Le groupe paramilitaire FSR n'a pas encore commenté cette accusation.
Le Haut Commissaire des Nations Unies aux droits de l'homme, Volker Türk, a également condamné "l'assassinat de civils et d'individus non combattants".
"Je suis en outre consterné par la manière insensible et irrespectueuse dont les morts, ainsi que leurs familles et leurs communautés, ont été traités", a ajouté Türk.

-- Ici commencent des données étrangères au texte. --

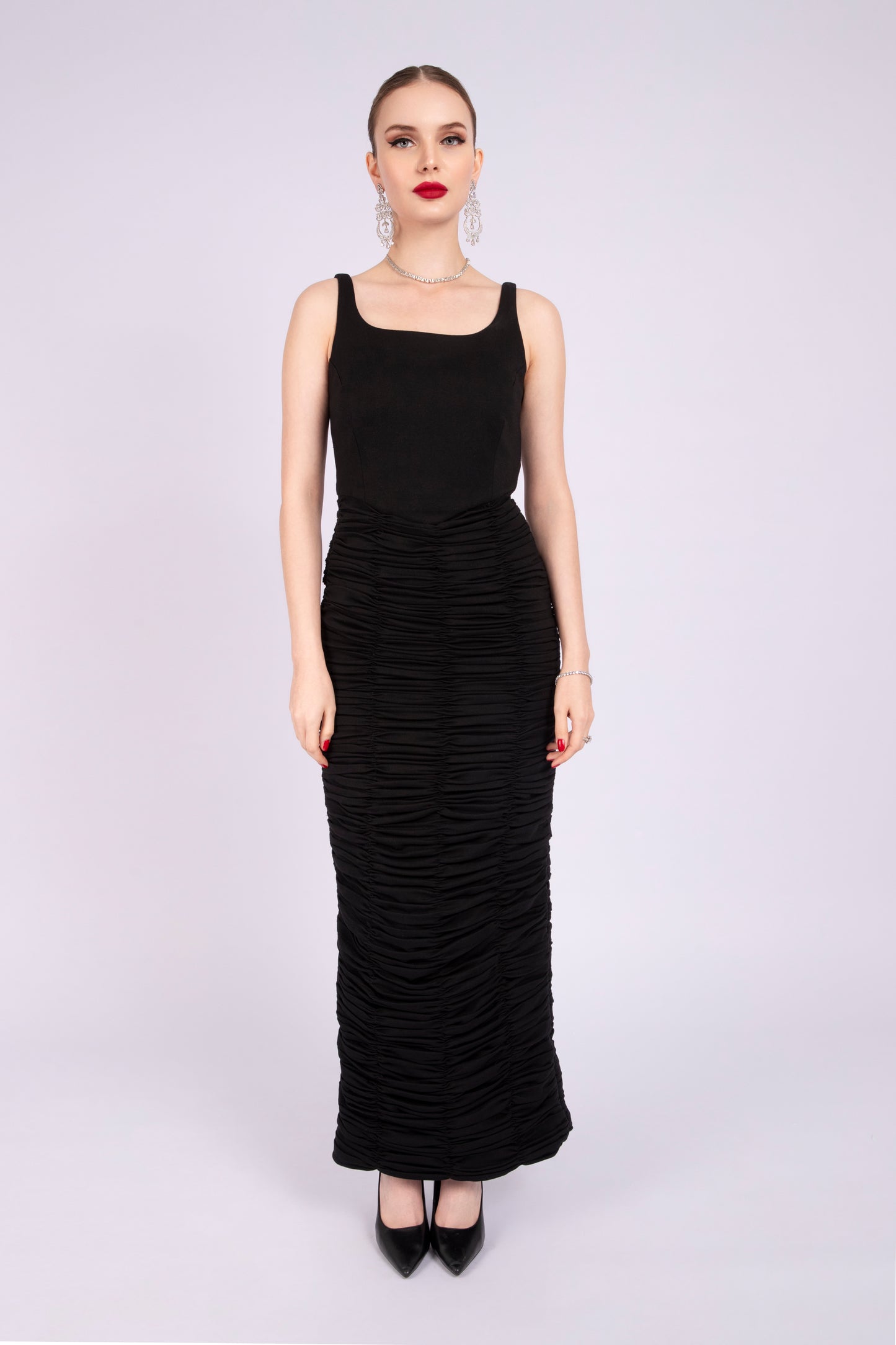 Black Hosiery Cocktail Dress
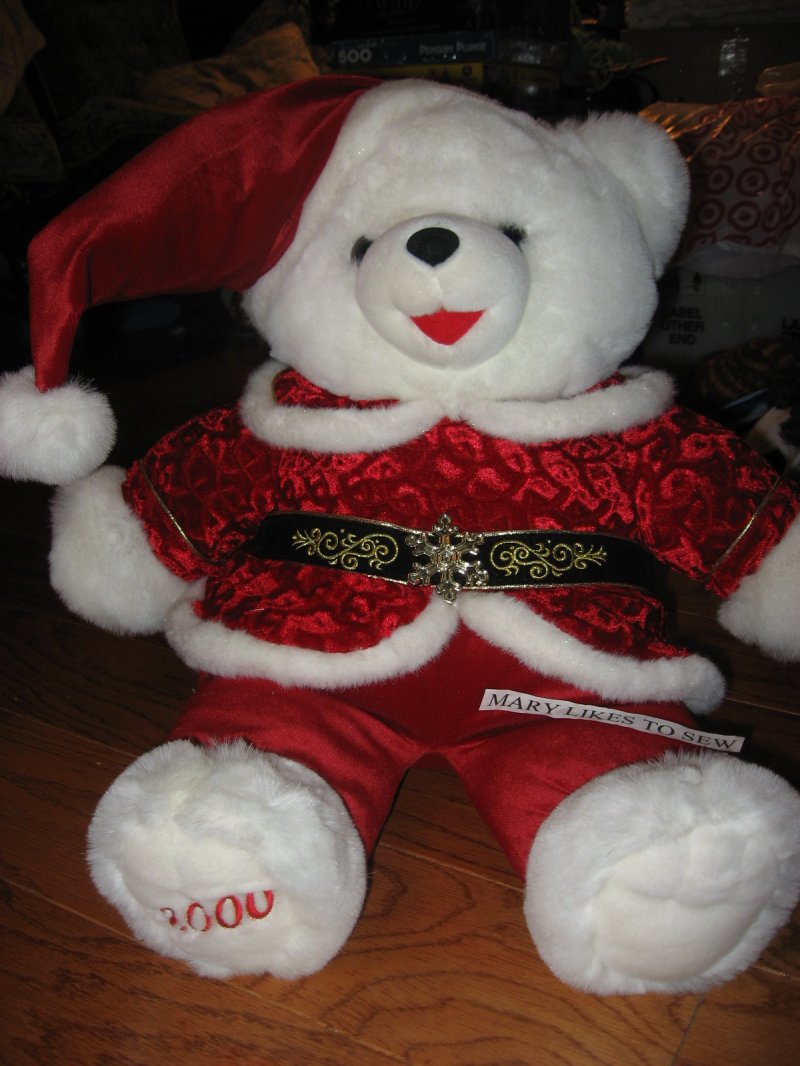Collectible Christmas Snowflake Teddy Bear plush new 2000 22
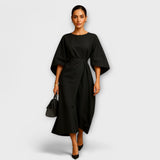 Sara – Elegant kjole med ermer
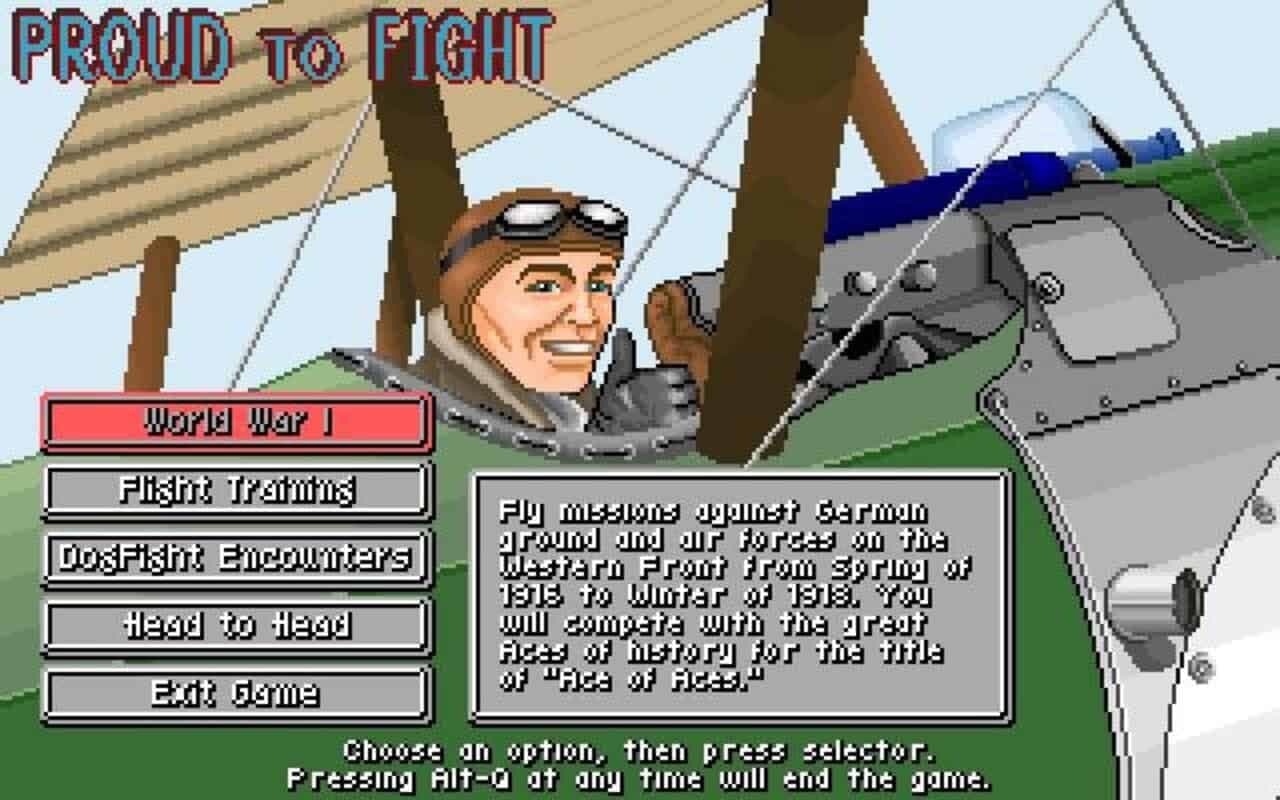 Gameplay screen of Knights of the Sky (4/8) Gameplay screen of Knights of the Sky (4/8)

Le Soudan est ravagé, depuis avril, par des affrontements entre l'armée et les FSR, un conflit qui a fait près de 3 000 morts et des milliers de blessés parmi la population civile, selon les autorités sanitaires locales.
Plusieurs accords de cessez-le-feu entre les deux belligérants, négociés par des médiateurs saoudiens et américains, n'ont pas réussi à mettre fin à la violence dans le pays.
L'Organisation internationale pour les migrations (OIM) estime que près de 3 millions de personnes ont été déplacées par le conflit qui sévit actuellement au Soudan.